I SEGRETI DELLA NASA

In principio fu la mucca. Fu il bovino bianco che dall´album dei ricordi della Nasa guarda stolido l´obbiettivo senza poter capire che quel suo pascolo nella prateria del Texas diventerà la "stargate", la porta delle stelle, a Houston. "Fiat Nasa", sul mondo si distesero la luce, i sogni, i progetti, i trionfi e le catastrofi del piccolo dio dello spazio, della prima organizzazione nella storia umana capace di inviare uno di noi su un altro corpo celeste e di portarlo indietro vivo.

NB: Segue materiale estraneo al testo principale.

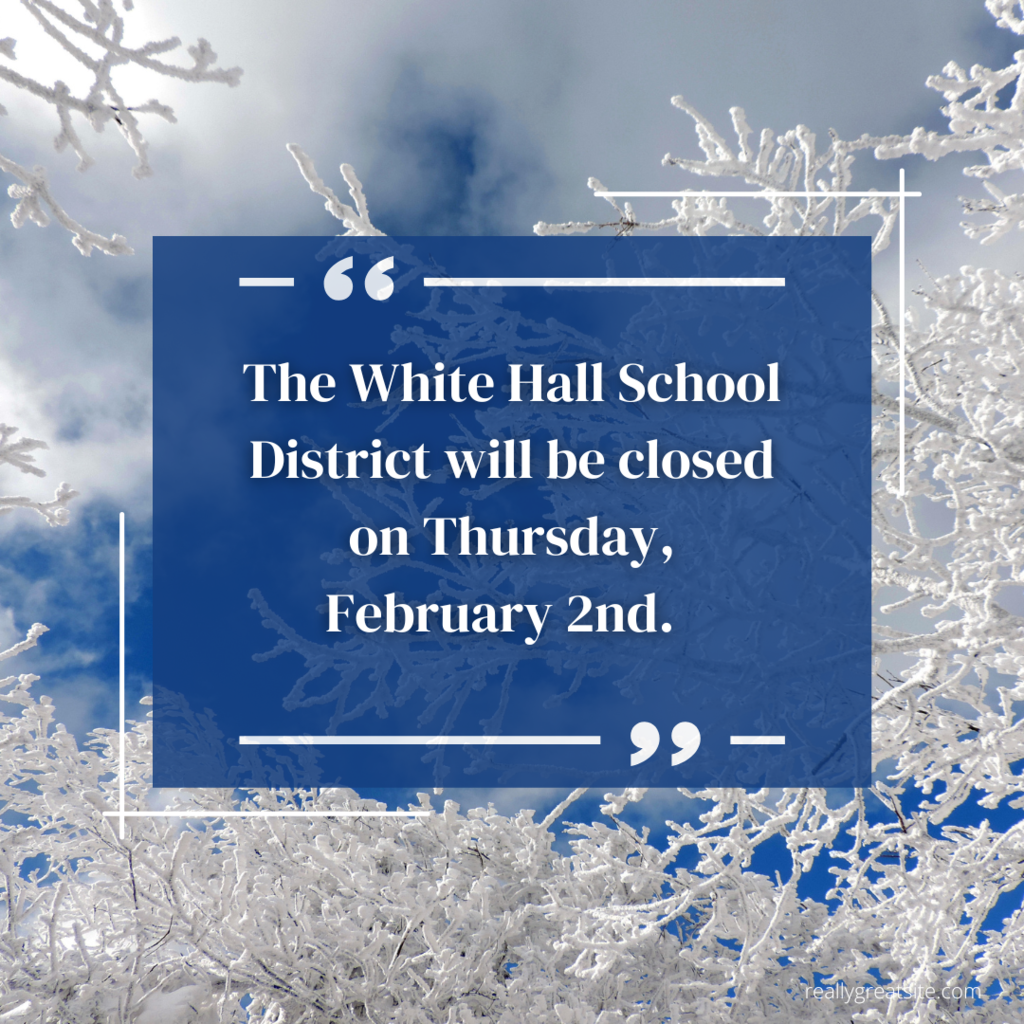 The WHSD will be closed on Feb. 2nd.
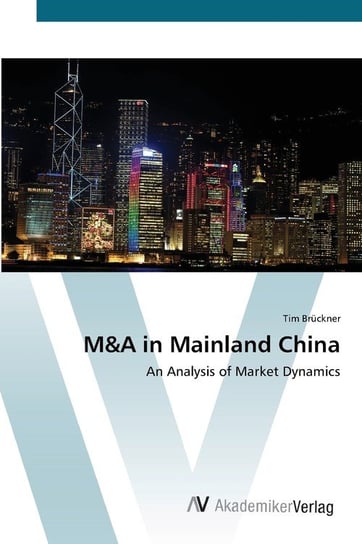 M&A in Mainland China Brückner Tim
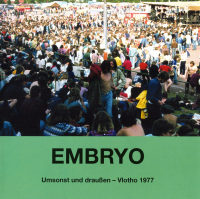 Embryo ‹Umsonst und draußen – Vlotho 1977›
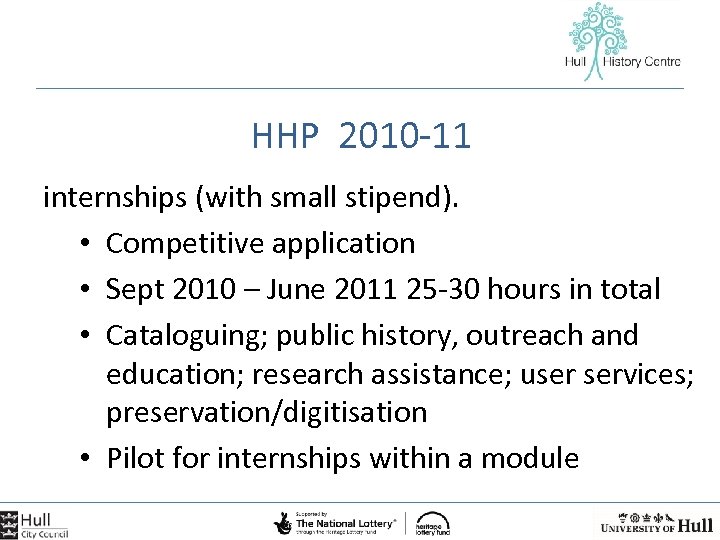 HHP 2010 -11 internships (with small stipend). • Competitive application • Sept 2010 –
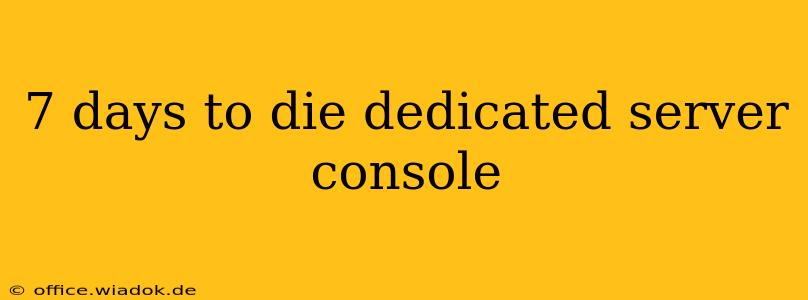 7 days to die dedicated server console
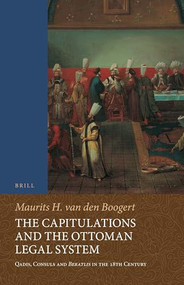 The Capitulations and the Ottoman Legal System (Qadis, Consuls and Beratlıs in the 18th Century) by Maurits van den Boogert, 9789004428621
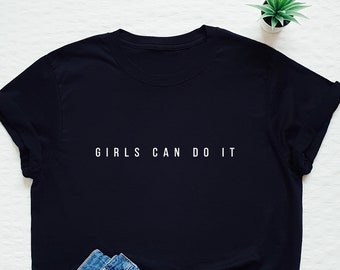 T-shirt féministe, chemise féminisme, les filles peuvent le faire tee, girl power, journée des femmes, grl pwr, femme forte, respect des femmes, égalité, égalité des droits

Nella Bibbia fotografica che l´agenzia spaziale americana ha messo ieri a disposizione del pubblico attraverso Internet con migliaia di scatti pubblicati su Flickr (nella sezione The Commons), quella immagine così incongruamente pastorale in mezzo a una collezione di lampi vulcanici nella notte, missili, piazzole di lancio, astronauti, navicelle spaziali e specialisti dal volto serissimo e dalle immancabili penne da ingegnere nel taschino della camicia di poliestere sempre bianca e sempre a maniche corte è il primo libro della Genesi per la Nasa. È la prima istantanea di un viaggio che, mezzo secolo più tardi, sembra già finito ed è invece appena cominciato.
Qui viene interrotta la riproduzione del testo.